Zinsen im Neugeschäft höher als bei ausstehenden Krediten
"So liegen beispielsweise die Kreditzinsen für Neugeschäft immer noch über denen für ausstehende Kredite, und die Indikatoren der Umfrage zum Kreditgeschäft zeigen, dass die kumulative Straffung noch nicht vollständig rückgängig gemacht wurde", sagte er. Lane zufolge wird das Kreditangebot aber auch von einer erhöhten Risikowahrnehmung der Banken und deren höheren Refinanzierungskosten sowie abnehmender Überschussliquidität gebremst.
"Darüber hinaus haben der Druck aus aufsichtsrechtlichen und regulatorischen Anforderungen zur Aufrechterhaltung solider Bilanzen angesichts steigender Unsicherheiten sowie das Ziel, die Finanzstabilität zu stützen, die Kreditstandards über den gesamten Zyklus hinweg straff gehalten, auch wenn die Geldpolitik in den letzten Quartalen gelockert wurde", sagte der EZB-Chefvolkswirt. Auch die prinzipiell wichtiger werdenden Nicht-Banken hätten die geringere Kreditvergabe durch Banken nicht ausgleichen können.
Kreditvolumen steigt langsamer als von der EZB erwartet
"Unterm Strich ist die fortschreitende Transmission der geldpolitischen Lockerung auf die Kreditvolumina langsamer verlaufen als auf Basis vergangener Regelmäßigkeiten erwartet", sagte Lane. Bezüglich der Nachfrage verwies er auf die Probleme des verarbeitenden Gewerbes mit der weltweiten Unsicherheit. Das verarbeitende Gewerbe hat normalerweise einen hohen Kreditbedarf, sieht sich aber gegenwärtig einer ganzen Reihe von Problemen gegenüber.

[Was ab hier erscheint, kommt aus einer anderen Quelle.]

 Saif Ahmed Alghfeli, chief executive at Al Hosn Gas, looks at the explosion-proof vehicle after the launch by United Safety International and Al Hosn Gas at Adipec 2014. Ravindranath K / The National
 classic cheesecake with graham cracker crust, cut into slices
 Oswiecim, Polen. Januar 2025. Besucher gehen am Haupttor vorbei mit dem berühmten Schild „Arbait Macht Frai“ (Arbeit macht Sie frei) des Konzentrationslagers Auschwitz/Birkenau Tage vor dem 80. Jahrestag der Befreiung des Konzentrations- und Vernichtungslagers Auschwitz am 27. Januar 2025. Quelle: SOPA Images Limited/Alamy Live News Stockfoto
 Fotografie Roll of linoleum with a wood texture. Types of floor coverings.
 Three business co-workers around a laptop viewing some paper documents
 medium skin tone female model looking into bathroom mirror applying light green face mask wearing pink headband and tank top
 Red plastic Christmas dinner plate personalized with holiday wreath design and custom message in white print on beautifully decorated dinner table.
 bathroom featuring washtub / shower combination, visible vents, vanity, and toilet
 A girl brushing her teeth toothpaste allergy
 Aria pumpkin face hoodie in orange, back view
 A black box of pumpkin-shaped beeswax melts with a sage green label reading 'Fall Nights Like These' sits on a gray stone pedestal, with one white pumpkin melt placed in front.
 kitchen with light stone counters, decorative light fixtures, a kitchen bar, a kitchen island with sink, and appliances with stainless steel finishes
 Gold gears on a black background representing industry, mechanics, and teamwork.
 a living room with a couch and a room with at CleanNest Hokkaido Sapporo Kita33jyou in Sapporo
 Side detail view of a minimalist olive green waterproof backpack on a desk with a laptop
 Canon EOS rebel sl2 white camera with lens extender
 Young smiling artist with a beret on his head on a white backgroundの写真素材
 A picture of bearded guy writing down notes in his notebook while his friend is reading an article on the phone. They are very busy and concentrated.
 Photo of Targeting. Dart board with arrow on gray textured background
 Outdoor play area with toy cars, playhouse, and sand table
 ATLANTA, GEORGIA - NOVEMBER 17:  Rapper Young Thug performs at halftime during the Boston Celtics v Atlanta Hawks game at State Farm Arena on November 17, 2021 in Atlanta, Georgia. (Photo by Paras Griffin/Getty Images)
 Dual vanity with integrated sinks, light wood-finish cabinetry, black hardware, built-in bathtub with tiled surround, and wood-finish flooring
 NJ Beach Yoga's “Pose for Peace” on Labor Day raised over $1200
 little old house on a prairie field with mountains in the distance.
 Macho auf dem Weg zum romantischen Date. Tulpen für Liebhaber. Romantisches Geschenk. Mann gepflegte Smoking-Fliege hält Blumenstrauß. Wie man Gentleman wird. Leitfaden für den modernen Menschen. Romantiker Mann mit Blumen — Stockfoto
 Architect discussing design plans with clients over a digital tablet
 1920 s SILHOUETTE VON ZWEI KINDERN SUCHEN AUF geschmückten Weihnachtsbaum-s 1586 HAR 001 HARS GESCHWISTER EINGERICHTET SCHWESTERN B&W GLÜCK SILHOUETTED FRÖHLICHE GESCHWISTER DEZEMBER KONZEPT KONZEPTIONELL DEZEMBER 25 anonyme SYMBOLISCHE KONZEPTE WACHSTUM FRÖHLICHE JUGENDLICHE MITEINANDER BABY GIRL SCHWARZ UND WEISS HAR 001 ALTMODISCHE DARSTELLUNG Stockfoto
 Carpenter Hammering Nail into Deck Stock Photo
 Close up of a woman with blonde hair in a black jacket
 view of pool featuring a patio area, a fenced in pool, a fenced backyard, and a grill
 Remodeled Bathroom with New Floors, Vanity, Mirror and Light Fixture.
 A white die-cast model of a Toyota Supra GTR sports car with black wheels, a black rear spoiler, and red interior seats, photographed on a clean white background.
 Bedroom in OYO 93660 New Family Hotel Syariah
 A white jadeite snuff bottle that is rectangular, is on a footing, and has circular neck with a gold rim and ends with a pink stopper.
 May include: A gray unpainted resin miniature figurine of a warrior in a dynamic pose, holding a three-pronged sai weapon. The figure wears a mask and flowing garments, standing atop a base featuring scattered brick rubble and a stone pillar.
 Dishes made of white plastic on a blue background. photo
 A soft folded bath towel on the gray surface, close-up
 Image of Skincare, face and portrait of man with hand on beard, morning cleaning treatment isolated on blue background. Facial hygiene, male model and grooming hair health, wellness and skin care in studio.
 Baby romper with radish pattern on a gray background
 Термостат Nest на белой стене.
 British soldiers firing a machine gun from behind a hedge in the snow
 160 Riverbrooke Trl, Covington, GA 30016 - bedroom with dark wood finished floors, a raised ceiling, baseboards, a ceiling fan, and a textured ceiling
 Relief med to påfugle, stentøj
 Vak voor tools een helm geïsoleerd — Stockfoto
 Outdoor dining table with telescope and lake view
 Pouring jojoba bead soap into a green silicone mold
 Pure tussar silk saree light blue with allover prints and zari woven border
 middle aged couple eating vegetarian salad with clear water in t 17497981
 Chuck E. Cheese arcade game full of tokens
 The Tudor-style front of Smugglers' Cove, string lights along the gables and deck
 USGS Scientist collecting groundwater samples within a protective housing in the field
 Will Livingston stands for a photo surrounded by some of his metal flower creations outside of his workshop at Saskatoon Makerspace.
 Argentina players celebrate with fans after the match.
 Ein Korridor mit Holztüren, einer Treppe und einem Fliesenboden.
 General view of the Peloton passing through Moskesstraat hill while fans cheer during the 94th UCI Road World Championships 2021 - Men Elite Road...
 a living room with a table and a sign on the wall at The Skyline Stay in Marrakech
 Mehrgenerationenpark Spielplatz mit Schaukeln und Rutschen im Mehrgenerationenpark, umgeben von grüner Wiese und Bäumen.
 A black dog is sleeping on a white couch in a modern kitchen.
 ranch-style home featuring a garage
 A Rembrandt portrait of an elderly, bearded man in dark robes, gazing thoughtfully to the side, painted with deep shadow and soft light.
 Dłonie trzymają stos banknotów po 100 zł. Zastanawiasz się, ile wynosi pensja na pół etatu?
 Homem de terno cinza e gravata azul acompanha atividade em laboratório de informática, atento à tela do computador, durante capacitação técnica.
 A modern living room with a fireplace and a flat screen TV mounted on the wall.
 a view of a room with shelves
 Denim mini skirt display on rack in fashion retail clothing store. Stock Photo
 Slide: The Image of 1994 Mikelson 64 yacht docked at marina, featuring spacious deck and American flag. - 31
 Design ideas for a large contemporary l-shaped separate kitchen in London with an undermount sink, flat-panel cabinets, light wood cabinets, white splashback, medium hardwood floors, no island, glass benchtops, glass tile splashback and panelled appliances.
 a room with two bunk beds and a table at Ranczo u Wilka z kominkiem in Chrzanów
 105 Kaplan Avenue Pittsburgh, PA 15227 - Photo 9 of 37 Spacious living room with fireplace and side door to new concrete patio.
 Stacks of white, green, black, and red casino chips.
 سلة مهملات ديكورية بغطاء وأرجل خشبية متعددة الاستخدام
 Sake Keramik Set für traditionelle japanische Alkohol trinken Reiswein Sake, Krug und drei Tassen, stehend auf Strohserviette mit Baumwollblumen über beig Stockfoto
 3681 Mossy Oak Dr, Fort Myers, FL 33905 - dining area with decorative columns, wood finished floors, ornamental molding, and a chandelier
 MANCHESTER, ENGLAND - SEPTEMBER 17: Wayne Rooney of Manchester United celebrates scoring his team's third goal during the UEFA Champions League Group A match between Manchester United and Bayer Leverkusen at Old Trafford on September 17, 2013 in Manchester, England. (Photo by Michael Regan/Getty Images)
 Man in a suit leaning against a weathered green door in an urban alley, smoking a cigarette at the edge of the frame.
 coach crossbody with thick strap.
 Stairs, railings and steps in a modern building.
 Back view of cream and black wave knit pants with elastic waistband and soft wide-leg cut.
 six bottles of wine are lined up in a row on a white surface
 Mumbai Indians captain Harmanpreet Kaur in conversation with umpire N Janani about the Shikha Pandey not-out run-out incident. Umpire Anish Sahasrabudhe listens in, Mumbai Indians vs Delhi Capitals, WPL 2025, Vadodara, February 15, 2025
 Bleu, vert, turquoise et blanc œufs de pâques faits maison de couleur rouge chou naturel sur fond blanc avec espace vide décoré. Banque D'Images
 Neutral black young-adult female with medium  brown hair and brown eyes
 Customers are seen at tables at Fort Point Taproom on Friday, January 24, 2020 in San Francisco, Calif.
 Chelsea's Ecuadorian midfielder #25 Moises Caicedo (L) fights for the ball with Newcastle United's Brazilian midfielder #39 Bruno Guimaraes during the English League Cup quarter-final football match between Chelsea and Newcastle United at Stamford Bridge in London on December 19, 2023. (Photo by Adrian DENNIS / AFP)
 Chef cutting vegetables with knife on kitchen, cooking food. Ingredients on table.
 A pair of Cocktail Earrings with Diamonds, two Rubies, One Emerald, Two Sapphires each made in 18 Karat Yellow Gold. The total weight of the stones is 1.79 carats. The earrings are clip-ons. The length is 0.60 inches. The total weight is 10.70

Auch sei die normalerweise hohe Kreditnachfrage einkommensschwacher Haushalte gegenwärtig eher schwach.
"Wenn Unsicherheit die geldpolitische Transmission schwächt, ist eine stärkere geldpolitische Intervention erforderlich, um ein gegebenes Politikziel zu erreichen", sagte der EZB-Chefvolkswirt. Andererseits könne man argumentieren, dass die Entscheidungsträger abwarten müssten, ob sich ein Unsicherheitsschub rechtzeitig von selbst korrigiere.